I mentioned earlier that IO scheduler CFQ coming by default in RedHat / CentOS 5.x may be not so good for MySQL. And yesterday one customer reported that just changing cfq to noop solved their InnoDB IO problems. I ran tpcc scripts against XtraDB on our Dell PowerEdge R900 server (16 cores, 8 disks in RAID10, controller Perc/6i with BBU) to compare cfq, deadline, noop and anticipatory (last one just to get number, I did not expect a lot from anticipatory).

Here is result (in transactions per minute, more is better):

cfq2793.5
noop6586.4
deadline6513.7
anticipatory1465

Here is graph of disk writes (column bo in vmstat) during benchmark

As you see noop / deadline can utilize disks much better.

For reference I used tpcc scripts from https://launchpad.net/perconatools, generated 100W (about 9.5GB of data on disk), and used next XtraDB params:

19 Comments
Oldest
Newest Most Voted
Inline Feedbacks
View all comments
Markus Blaschke

CentOS 5.2 is using Kernel 2.6.18, right?
The CFQ-Scheduler was rewritten after 2.6.18 so it would be nice to see the performance changes after 2.6.18, let’s try 2.6.27 or 2.6.28 🙂

benpi

I suspect results would be different (maybe still in favour of noop, but probably not that much) without a BBU unit (and therefore without O_DIRECT), or with controler configured for write-through, or with a cheaper controler, and perhaps with a more write costly RAID discipline (ie.
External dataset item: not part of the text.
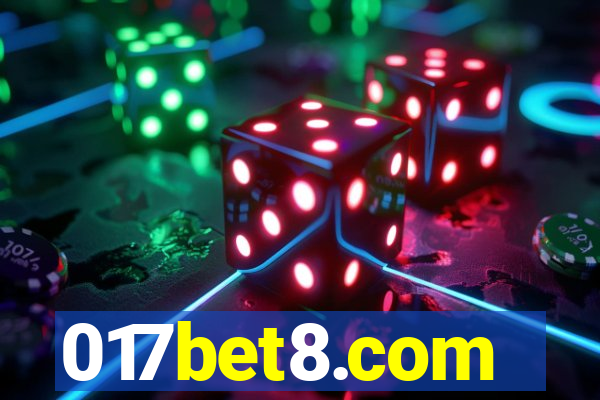 017bet8.com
RAID 5). A setup with storage accessible through multiple LUNs and/or multiple controlers may also be a good use case for cfq. On the other hand, results may be even more favouring noop if you used SSD drives. I mean, chances are that those results are somehow hardware dependants (though I think the one you used for this test has the merit to be a quite typical setup).

How much RAM do you have on this PERC6 (I think Dell as options for 256 MB and 512 MB, at least)?
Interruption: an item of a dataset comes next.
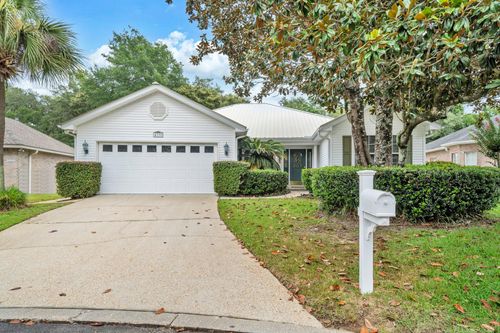 4339 Hidden Lakes Dr, Niceville, FL, 32578 | Card Image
By the way, did someone already benchmarked how the quantity of RAM in the controler do impact some I/O bound loads with MySQL

pat

This is interesting stuff. Can anybody speculate on the variables at work here? Would I expect to get similar results on RAID vs single drives vs SAN vs NFS, etc?
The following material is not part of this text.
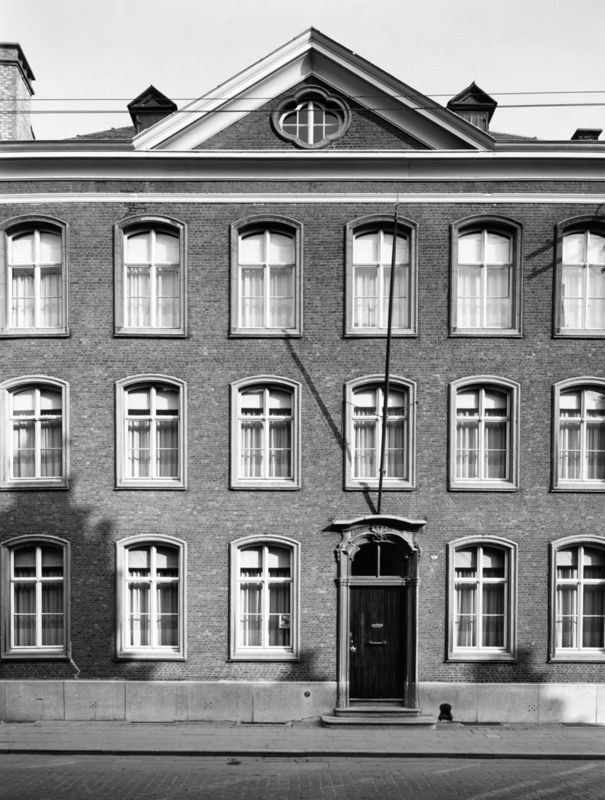 Dekenij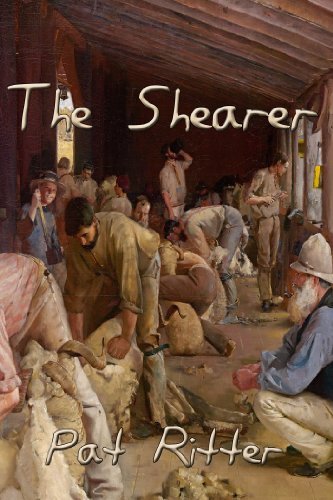 The Shearer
Is it reasonable to generalize a benchmark like this and say:

Looks like noop is the best scheduler for an INNODB server?

Or is this a case of run it yourself and test because your mileage may vary?

Domas Mituzas

I have detailed why this happens at http://dammit.lt/2008/02/05/linux-io-schedulers/ – though it all started simply when we compared how I/O behaves on identical machines ( http://dammit.lt/2007/12/13/io-scheduler-deadline-cfq/ )

Peter Zaitsev

Vadim,

Did you measure queue depth and request latency by chance ?

Peter Zaitsev

In my experience results for schedulers are often rather platform and workload specific. For this hardware and benchmark we have such results. In other conditions I’ve seen other schedulers being better.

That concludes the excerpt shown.